Proactive Policies into 2025
During his address to the nation’s top political advisory body, Xi reiterated the need for proactive macroeconomic policies, suggesting continued support for the economy in 2025. China’s leadership is expected to set a growth target similar to this year’s, with a focus on combating deflation, boosting domestic demand, and stabilizing exports.
Officials at December’s economic planning meetings pledged greater public spending, increased borrowing, and monetary easing to spur growth. This marked the first shift in monetary policy stance in 14 years, adopting a “moderately loose” approach.
However, challenges persist. Deflation is expected to linger into next year, and the property sector remains in a slump. The government faces the additional challenge of managing external pressures, such as potential tariff hikes from President-elect Donald Trump’s administration, which begins in January.
Monetary Easing and Liquidity Measures
The People’s Bank of China (PBOC) has signaled it may cut the reserve requirement ratio (RRR) by 25 to 50 basis points, potentially as early as January, to provide long-term liquidity. This measure, previously flagged for the end of 2024, is seen as critical to sustaining economic momentum.
Yet, such moves carry risks.
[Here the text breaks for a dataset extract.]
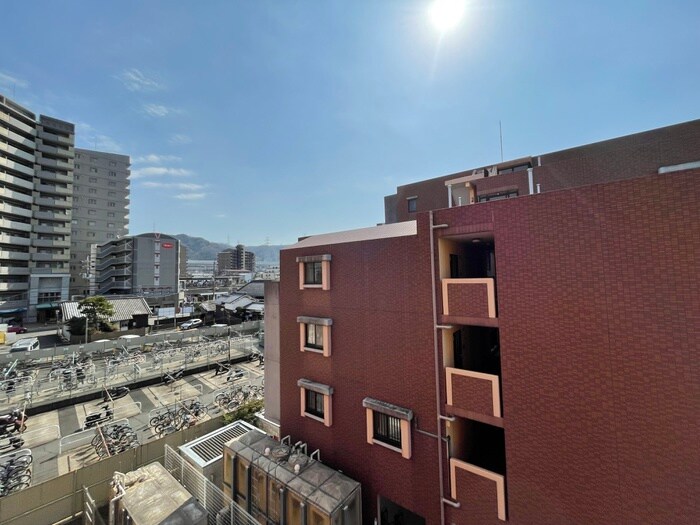 物件内観写真22　(室内からの展望)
High-profile monetary easing could put depreciation pressure on the yuan, worsening the yield gap between Chinese and U.S. assets and prompting fund outflows. The yuan already declined to its lowest level in a year last December.
Bruce Pang, a senior research fellow at the National Institution for Finance and Development, noted that the PBOC is “preserving policy space to deal with increasing external uncertainties” and must balance liquidity injections with currency stability.
Economic Challenges
Despite the government’s efforts, weak domestic demand and an uncertain export outlook continue to weigh on growth. Analysts warn that while initial stimulus measures may stabilize the economy, more aggressive action could be required later in 2025 if growth falters.
Liquidity in the banking system remains ample, with borrowing costs for top-rated commercial banks at their lowest since April 2020. However, subdued loan demand highlights the challenge of channeling liquidity into productive areas of the economy.
Sustained Recovery in Focus
China’s government has repeatedly stressed its commitment to maintaining economic stability while navigating external headwinds. President Xi’s remarks underline Beijing’s strategy to balance growth with fiscal and monetary discipline.
As China prepares to reveal its official growth target for 2025 at its annual legislative sessions in March, the nation’s leaders are tasked with ensuring that recovery efforts gain traction amid mounting challenges at home and abroad.